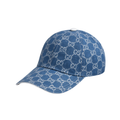 Gucci Cap | GG Logo Canvas Blue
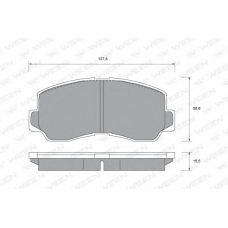 151-1434 WEEN Комплект тормозных колодок, дисковый тормоз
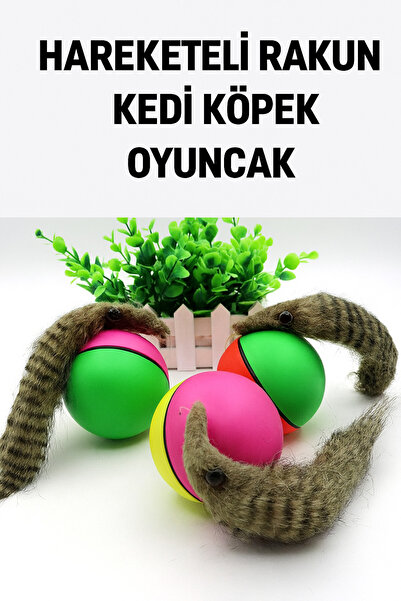 Yenilig Hareketli Rakun Kedi Köpek Oyuncağı – Sesli ve Etkileşimli Peluş Oyun Arkadaşı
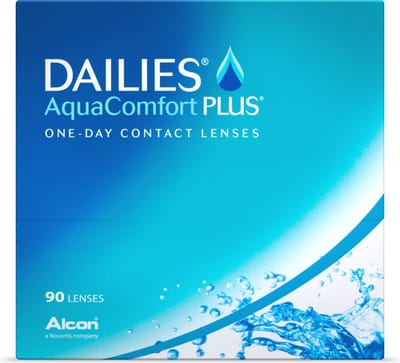 +5.25 - DAILIES® AquaComfort PLUS® - 90 pack - Daglenzen - BC 8.70 - Contactlenzen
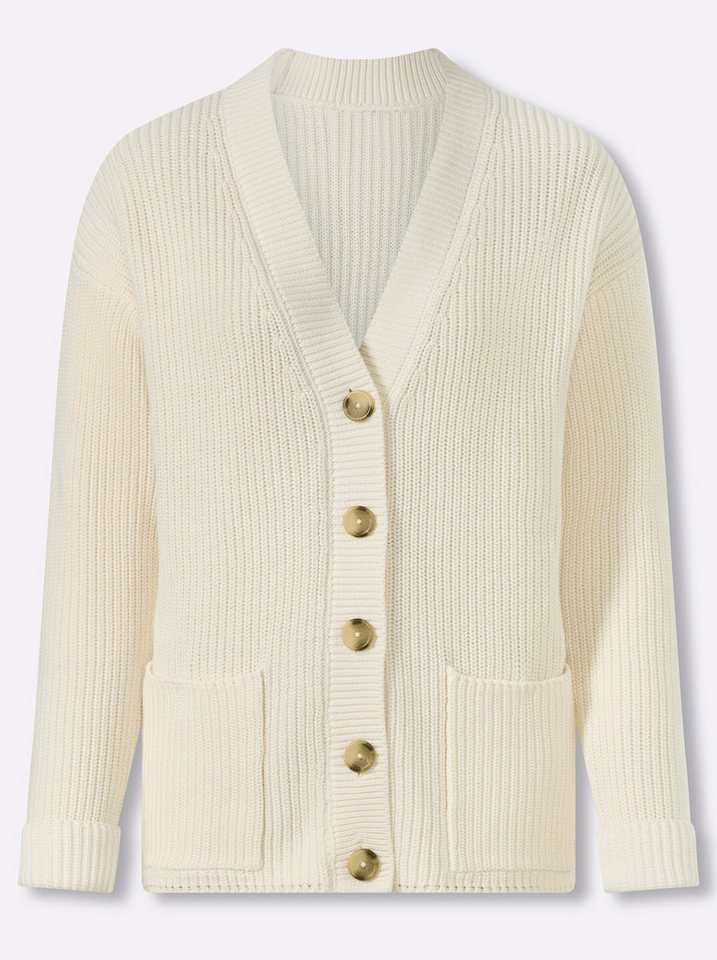 heine Strickjacke Strickjacke Langarm Ripp – Bild 3 von 5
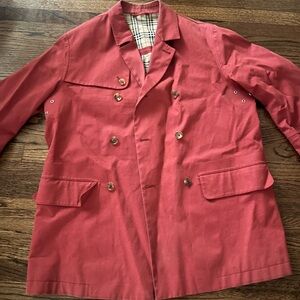 BURBERRY Trench Coat Red Men's Outerwear signs of wear needs cleaning see pics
-=-=-
Repeat the material exactly. Skip the images.

 Gucci Cap | GG Logo Canvas Blue
 151-1434 WEEN Комплект тормозных колодок, дисковый тормоз
 Yenilig Hareketli Rakun Kedi Köpek Oyuncağı – Sesli ve Etkileşimli Peluş Oyun Arkadaşı
 +5.25 - DAILIES® AquaComfort PLUS® - 90 pack - Daglenzen - BC 8.70 - Contactlenzen
 heine Strickjacke Strickjacke Langarm Ripp – Bild 3 von 5
 BURBERRY Trench Coat Red Men's Outerwear signs of wear needs cleaning see pics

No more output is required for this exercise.